The input:
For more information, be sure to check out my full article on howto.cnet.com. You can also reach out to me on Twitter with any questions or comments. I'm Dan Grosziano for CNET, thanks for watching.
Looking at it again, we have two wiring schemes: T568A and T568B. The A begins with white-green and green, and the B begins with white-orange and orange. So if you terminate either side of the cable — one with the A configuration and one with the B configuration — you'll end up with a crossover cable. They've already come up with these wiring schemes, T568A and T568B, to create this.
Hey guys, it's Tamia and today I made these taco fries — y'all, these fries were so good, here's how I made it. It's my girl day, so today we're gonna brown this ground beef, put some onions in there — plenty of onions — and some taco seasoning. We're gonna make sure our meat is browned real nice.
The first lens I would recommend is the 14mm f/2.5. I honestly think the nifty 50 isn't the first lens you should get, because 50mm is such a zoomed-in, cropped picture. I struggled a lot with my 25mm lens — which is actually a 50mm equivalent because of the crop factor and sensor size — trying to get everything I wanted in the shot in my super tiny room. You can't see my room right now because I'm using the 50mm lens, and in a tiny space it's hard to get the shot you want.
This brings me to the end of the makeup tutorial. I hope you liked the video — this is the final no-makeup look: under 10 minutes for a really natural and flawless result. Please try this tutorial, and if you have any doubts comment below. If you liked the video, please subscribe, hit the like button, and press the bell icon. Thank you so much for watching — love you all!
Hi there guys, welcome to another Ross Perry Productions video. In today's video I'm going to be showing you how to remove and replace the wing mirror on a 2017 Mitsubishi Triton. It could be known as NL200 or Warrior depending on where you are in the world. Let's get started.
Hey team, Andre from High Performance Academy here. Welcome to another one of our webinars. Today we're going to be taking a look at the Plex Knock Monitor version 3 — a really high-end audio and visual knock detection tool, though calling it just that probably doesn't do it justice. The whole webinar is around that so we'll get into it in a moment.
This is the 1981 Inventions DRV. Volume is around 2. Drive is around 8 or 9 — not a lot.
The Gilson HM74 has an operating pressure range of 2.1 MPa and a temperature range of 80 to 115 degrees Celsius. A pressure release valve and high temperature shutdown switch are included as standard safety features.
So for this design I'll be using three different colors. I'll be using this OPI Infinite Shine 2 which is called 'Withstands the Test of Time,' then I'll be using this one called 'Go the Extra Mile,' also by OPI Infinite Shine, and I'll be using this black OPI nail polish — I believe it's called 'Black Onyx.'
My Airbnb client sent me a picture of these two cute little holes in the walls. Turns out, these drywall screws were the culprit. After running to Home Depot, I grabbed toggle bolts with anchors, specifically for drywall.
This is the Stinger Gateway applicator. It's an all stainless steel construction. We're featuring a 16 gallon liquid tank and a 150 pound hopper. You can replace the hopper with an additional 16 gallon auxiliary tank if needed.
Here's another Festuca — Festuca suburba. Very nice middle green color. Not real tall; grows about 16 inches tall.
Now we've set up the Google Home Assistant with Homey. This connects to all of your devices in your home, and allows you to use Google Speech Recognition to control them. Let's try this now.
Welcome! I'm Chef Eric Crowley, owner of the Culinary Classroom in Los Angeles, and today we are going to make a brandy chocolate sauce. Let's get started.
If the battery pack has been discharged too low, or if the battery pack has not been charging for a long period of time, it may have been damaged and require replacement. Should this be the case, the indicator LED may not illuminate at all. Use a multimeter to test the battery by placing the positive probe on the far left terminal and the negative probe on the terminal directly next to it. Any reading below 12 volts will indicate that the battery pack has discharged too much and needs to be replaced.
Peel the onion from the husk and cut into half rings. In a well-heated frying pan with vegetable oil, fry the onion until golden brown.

Aim of the task:
Filter the records for the string "which" and copy every line that holds it.

Solved problem:
The first lens I would recommend is the 14mm f/2.5. I honestly think the nifty 50 isn't the first lens you should get, because 50mm is such a zoomed-in, cropped picture. I struggled a lot with my 25mm lens — which is actually a 50mm equivalent because of the crop factor and sensor size — trying to get everything I wanted in the shot in my super tiny room. You can't see my room right now because I'm using the 50mm lens, and in a tiny space it's hard to get the shot you want.
So for this design I'll be using three different colors. I'll be using this OPI Infinite Shine 2 which is called 'Withstands the Test of Time,' then I'll be using this one called 'Go the Extra Mile,' also by OPI Infinite Shine, and I'll be using this black OPI nail polish — I believe it's called 'Black Onyx.'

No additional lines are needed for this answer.